The Perl Toolchain Summit needs more sponsors. If your company depends on Perl, please support this very important event.

NAME

WordLists::Common

SYNOPSIS

        use WordLists::Common qw(pretty_doubles pretty_singles);
        print pretty_doubles (pretty_singles (
                        qq{"That's right," she said, "I was told to 'get lost!'".}
                ) );
        

DESCRIPTION

This provides common functions and values of relevance to wordlists - such as normalising parts of speech and typographic dashes and quotes.

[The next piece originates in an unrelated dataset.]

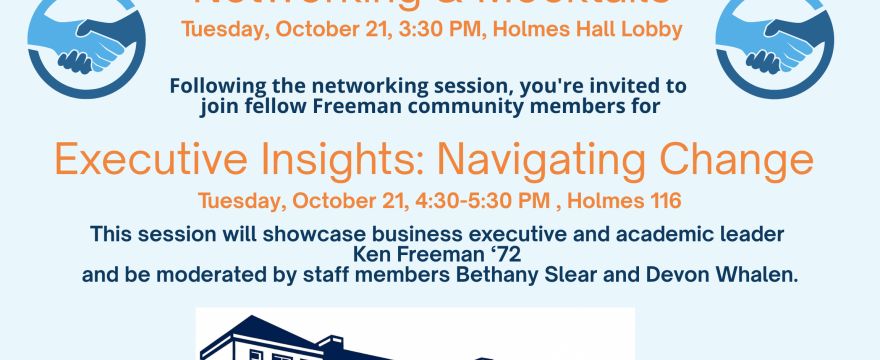 Networking and Mocktails BEFORE Executive Insights session with Ken Freeman ’72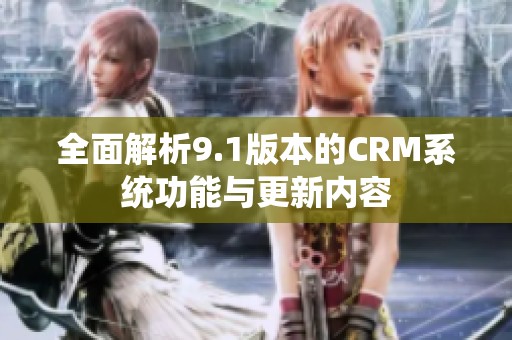 全面解析9.1版本的CRM系统功能与更新内容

Exportable functions and values include:

  • @sPosWords, a list of things which look like parts of speech (to help parsing things like "head verb", "head up", "head noun")

  • A function pretty_endash replacing space + hyphen + space with space + en-dash + space.

  • A function pretty_doubles replacing double quotes with 'smart' double quotes.

  • A function pretty_singles replacing apostrophe/single-quote with 'smart' single quotes.

  • A function norm_spacing

  • A function custom_norm which takes several options:

    • lc - if true, lowercases the string.

    • uc - if true, uppercases the string. Overrides lc.

    • trim_space - if true, removes initial and final space, and also condenses repeating white space to a single \x20.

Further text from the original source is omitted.